Beyond the Earnings Number: Building the First Version of Our CEO Voice-and-Language Pipeline

By Group "NLPPPPP"

Why our first week was about data, not prediction

When we gave our first presentation, our research question sounded elegant: can CEO communication style during earnings calls explain short-term market reactions beyond the numbers themselves? Our slide deck translated that idea into three candidate features—personalism, uncertainty, and vocal stress—and a later financial model built around realized volatility. That is the polished version of the project. The unpolished version, which is more appropriate for a first blog post, is that we spent our first serious week not doing "Fancy AI" but trying to make the raw data behave.

That turned out to be exactly the right place to begin.

The presentation framework is already ambitious. We want to use the MAEC earnings-call dataset for transcripts and low-level audio features, and later combine those call-level signals with market data and controls such as fundamentals and earnings surprise. The motivation is clear: investors may react not only to what management says, but also to how it is said. Boards may care because communication quality may have market value. Regulators may care because persuasive communication could move prices independently of fundamentals. All of that is interesting. But before any of those arguments can be tested, we need to answer a more basic question:

What exactly is one usable observation in this project?

That question became the center of our first-stage reflection.

Figure 1: Early-stage project map

The first real problem: what counts as one observation?

At first glance, MAEC looks simple enough. In MAEC_Dataset, each earnings-call folder contains text.txt and features.csv. The transcript file stores one utterance per line, and the feature file stores one row of acoustic measurements per utterance. At the beginning, we treated this as a counting problem: if the number of transcript lines matched the number of feature rows, then maybe the data was “clean enough.”

That turned out to be too weak. In the course workflow, this is really a data-validation step: not just whether the counts match, but whether those two files can be turned into one aligned segment-level table that we can trust.

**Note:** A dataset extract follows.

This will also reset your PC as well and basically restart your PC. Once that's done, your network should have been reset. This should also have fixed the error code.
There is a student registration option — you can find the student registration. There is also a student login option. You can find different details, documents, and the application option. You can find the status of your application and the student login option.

If the transcript were one giant document while the audio file were broken into many small segments, then a direct merge would be impossible. A call-level text score and a segment-level audio score do not live on the same observational level. That sounds like a minor data-wrangling nuisance, but in a multimodal project it is actually foundational. If the units do not match, any “voice-and-language” feature table is partly fiction.

So our first useful piece of code was not a model. It was a compact validation-and-construction step that checks one-to-one alignment and then makes the observational unit explicit.

from pathlib import Path
import pandas as pd

def build_segment_table(call_dir: str, preview_rows: int = 5) -> pd.DataFrame:
    call_path = Path(call_dir)
    text_path = call_path / "text.txt"
    feat_path = call_path / "features.csv"
    for p in (text_path, feat_path):
        if not p.is_file():
            raise FileNotFoundError(f"Expected file missing: {p.resolve()}")

    text_lines = [
        line.strip()
        for line in text_path.read_text(encoding="utf-8", errors="ignore").splitlines()
        if line.strip()
    ]
    audio_df = pd.read_csv(feat_path).reset_index(drop=True)
    audio_df.columns = audio_df.columns.str.strip()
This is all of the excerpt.